Vermont Governor Says He’ll Sign GM Food Label Bill: Vermont’s state house has passed a bill that will require labeling of GM food by July 2016. This will make Vermont the first state in the US to require GM food labels; proponents say Vermont has always led the nation, citing the state’s ban on slavery, passage of civil unions and same-sex marriages as other firsts.

The Cruelest Thing I Saw on a Hog Farm: 2014 Field Mom Cortney Fries, Chicago, blogged about her trip to (Master Farmer) Eldon Gould’s hog farm. A snippet: “For as much as a non-animal-expert can tell you, the environment seemed to be low stress. Perhaps larger stalls that allow room to at least turn could improve the pigs’ lives, but currently they seemed to be clean, calm and healthy-looking…The cruelest thing I saw on that hog farm was at the hands of Mother Nature, not a farmer, as some alarmist propaganda may have you believe.”

 

Cortney Fries featured in Illinois Field Bean

Cortney Fries

Cortney-Fries-Blurb

Illinois Farmers Host Inquisitive Consumers: The Chicago Tribune reports on the Illinois Farm Families program, and the very trip Cortney Fries blogged about! Read the comments for a taste of what IFF is up against.

Nevada Standoff Grows from Grazing Fees to Much More: If you’ve wondered what in the world is going on in Nevada with Cliven Bundy, here’s a great piece from Joe Roybal at our sister publication, Beef Magazine. Amanda Radke shares her thoughts here, with Four Lessons We Can Learn from Bundy. Both are worth a read.

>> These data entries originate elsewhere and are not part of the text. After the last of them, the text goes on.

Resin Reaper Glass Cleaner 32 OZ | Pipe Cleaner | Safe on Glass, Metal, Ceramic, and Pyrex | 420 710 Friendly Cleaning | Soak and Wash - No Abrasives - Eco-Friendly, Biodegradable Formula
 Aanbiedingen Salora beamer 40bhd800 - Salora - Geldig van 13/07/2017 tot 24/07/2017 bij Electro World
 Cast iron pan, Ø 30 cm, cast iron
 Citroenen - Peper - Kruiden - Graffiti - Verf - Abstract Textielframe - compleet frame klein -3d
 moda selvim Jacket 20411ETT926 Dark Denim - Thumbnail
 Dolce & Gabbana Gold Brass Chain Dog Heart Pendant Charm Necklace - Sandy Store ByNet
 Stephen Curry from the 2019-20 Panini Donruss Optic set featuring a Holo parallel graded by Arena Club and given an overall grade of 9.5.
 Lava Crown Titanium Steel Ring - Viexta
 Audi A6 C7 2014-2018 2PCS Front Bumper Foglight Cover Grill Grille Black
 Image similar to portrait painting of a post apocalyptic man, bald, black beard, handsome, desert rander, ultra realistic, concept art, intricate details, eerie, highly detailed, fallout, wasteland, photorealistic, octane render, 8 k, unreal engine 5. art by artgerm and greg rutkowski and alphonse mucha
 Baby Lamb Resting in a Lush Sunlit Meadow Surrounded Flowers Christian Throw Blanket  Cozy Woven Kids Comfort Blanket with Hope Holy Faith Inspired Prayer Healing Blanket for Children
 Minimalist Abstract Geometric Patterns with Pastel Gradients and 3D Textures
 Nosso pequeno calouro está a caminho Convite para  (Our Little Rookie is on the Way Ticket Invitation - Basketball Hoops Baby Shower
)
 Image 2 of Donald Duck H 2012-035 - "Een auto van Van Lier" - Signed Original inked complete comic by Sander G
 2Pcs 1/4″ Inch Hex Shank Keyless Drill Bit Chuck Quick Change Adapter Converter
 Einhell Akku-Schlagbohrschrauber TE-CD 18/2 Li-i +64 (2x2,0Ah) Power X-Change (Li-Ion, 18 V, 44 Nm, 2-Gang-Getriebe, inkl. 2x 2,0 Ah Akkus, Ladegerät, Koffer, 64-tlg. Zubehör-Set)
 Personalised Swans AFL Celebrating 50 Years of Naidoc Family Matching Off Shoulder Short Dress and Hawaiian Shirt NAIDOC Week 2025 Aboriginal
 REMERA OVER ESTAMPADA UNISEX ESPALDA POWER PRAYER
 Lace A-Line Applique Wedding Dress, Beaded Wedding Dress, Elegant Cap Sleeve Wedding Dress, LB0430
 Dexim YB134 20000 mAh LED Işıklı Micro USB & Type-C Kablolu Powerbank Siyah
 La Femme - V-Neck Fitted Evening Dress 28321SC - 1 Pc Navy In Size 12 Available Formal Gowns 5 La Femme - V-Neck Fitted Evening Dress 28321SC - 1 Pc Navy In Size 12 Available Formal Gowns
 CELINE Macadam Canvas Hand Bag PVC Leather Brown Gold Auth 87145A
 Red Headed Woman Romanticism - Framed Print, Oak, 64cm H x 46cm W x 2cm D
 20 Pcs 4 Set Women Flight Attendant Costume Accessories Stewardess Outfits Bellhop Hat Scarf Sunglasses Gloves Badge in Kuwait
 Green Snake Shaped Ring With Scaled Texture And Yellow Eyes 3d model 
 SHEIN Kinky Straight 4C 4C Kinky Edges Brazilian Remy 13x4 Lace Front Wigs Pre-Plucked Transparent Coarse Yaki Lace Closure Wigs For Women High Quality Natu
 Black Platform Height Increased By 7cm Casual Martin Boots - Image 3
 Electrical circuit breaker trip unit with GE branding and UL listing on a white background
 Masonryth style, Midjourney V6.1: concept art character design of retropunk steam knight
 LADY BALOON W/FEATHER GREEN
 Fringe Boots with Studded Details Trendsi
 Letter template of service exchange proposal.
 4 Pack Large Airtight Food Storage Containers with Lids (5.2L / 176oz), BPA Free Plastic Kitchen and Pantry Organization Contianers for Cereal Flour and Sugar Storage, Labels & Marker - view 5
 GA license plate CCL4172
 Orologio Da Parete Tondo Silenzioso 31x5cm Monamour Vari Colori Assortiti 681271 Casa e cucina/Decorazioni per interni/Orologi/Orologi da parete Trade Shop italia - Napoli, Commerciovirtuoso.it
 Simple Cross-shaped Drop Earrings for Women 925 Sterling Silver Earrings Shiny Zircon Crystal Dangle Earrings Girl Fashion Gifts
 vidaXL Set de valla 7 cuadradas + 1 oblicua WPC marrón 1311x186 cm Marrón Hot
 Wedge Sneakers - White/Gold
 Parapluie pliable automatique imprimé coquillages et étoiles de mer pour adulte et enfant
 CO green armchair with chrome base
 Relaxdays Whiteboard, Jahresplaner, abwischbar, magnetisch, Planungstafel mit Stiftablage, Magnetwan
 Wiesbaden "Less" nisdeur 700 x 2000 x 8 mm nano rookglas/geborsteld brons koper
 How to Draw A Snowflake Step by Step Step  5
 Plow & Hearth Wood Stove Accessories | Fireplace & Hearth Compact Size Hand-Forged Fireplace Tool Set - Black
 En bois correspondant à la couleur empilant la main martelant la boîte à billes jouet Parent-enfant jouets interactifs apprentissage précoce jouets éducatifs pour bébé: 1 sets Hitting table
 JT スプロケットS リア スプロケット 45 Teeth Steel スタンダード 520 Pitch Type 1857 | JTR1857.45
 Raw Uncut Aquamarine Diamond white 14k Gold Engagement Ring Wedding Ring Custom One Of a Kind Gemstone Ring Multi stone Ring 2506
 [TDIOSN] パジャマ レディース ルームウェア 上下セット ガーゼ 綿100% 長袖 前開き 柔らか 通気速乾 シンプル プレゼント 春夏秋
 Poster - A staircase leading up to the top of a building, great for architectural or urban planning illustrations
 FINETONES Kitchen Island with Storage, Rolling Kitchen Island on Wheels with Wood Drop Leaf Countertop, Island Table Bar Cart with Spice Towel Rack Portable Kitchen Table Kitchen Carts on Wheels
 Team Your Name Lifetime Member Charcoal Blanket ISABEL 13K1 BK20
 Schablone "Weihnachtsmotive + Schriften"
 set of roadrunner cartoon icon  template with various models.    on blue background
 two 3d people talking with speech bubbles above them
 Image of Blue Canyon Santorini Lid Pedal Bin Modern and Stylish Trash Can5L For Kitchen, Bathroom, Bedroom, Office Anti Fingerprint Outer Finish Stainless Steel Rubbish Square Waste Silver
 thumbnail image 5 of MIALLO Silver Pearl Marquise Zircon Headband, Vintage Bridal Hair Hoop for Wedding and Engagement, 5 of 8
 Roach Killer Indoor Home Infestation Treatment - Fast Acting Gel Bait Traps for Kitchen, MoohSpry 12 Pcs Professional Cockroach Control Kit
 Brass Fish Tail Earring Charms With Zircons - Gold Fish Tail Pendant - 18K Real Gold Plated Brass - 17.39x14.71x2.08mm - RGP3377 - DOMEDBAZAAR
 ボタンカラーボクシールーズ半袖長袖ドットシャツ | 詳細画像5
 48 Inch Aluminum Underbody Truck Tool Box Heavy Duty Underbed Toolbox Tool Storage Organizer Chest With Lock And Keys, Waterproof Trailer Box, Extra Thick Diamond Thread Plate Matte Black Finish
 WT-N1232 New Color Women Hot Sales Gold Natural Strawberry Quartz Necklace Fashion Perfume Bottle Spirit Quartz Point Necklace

The Tyranny of the Organic Mommy Mafia: Well. This has been all over my Facebook feed this week, including rebuttals from organic farmers that the New York Post is not known as a bastion of good journalism. Which may well be true. However, I think the sentiment in this op-ed piece rings true: organic has been held up as a class aspiration, and this isn’t the first piece to speak of “mommy guilt” over failure to buy organic. This entire idea says much about our ability as a society to obsess over our food affluence. And hold it over someone else’s head. And then there are the celebrities. Bless their hearts.